Concept of Algotrading

Algorithmic trading, also known as automated trading, black-box trading, or algo-trading, employs a computer programme that executes a set of instructions known as an algorithm to place a deal. In theory, the deal can create profits at a rate and frequency that a human trader cannot match. 

Timing, pricing, quantity, or any mathematical model are used to define sets of instructions. Aside from profit prospects, algo-trading makes markets more liquid and trading more methodical by removing the influence of human emotions on trading activity. 

Trading Using Algorithms in Action 

So let’s say that the trader follows the following simple criteria: 

●A stock’s 50-day moving average rises above its 200-day moving average, and you should buy 50 shares. It smoothens out day-to-day price volatility and finds trends. 

●Stocks are sold when their 50-day moving average falls below their 200-day moving average. 

Automated computer software will watch the stock price (and the moving average indicators) and place buy and sell orders when the required criteria are met, using these two basic instructions. No longer does the trader need to keep an eye on live prices and graphs, or manually enter the orders. Traders use algorithmic trading systems to locate trade opportunities. 

The Features of Algorithmic Trading 

Algorithmic trading has many benefits. Automated trading has the following advantages: 

●Execution of trades occurs at the best price achievable. 

●The placement of trade orders is instantaneous and accurate (there is a high chance of execution at the desired levels). 

●They are executed at the right time so that major price changes are minimized or even prevented altogether. 

●Costs associated with transactions are reduced. 

●Automated checks of multiple market conditions at the same time. 

●When placing trades, the possibility of human error has been reduced. 

●In order to determine if an algorithmic trading strategy is practical, it can be backtested utilizing historical and real-time data available at the time. 

●Trades made by humans based on emotional and psychological considerations are less likely to be mistaken. 

Algorithmic trading today is dominated by high-frequency trading (HFT), which tries to capitalize on placing a large number of orders at rapid rates across numerous markets with multiple decision parameters based on preprogrammed instructions. 

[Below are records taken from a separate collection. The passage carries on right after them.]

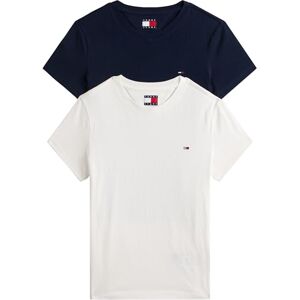 Tommy Jeans Womens Tjw 2pack C-Neck Tee Dw0dw21366 S/S T-Shirt, Multi (Ecru/Dark Night Navy), L UK Tommy Jeans Womens Tjw 2pack C-Neck Tee Dw0dw21366 S/S T-Shirt, Multi (Ecru/Dark Night Navy), L UK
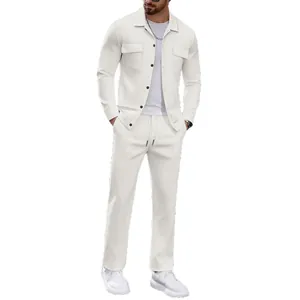 Casual white corduroy two-piece set for men featuring a button-down shirt and matching trousers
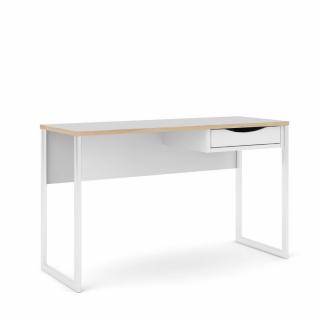 Fehér íróasztal fiókkal tölgyfa lappal EFREM PLUS 512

There are various types of trading and financial operations that use algorithmic trading. 

Mid-to-long-term investors: (pension funds, mutual funds, insurance companies) who don’t wish to impact stock prices with discrete enormous-volume investments employ algo-trading to purchase stocks in large quantities. 

Short-term trader: In addition, algo-trading creates sufficient liquidity for market sellers by executing trades on behalf of short-term traders and sell-side participants, including market makers (such as brokerage firms), speculators, and arbitrageurs. 

Systematic Traders: Traders that follow a systematic trading strategy—trend followers, hedge funds, or pairs traders—find it far more efficient to programme their trading rules and let the software trade automatically. 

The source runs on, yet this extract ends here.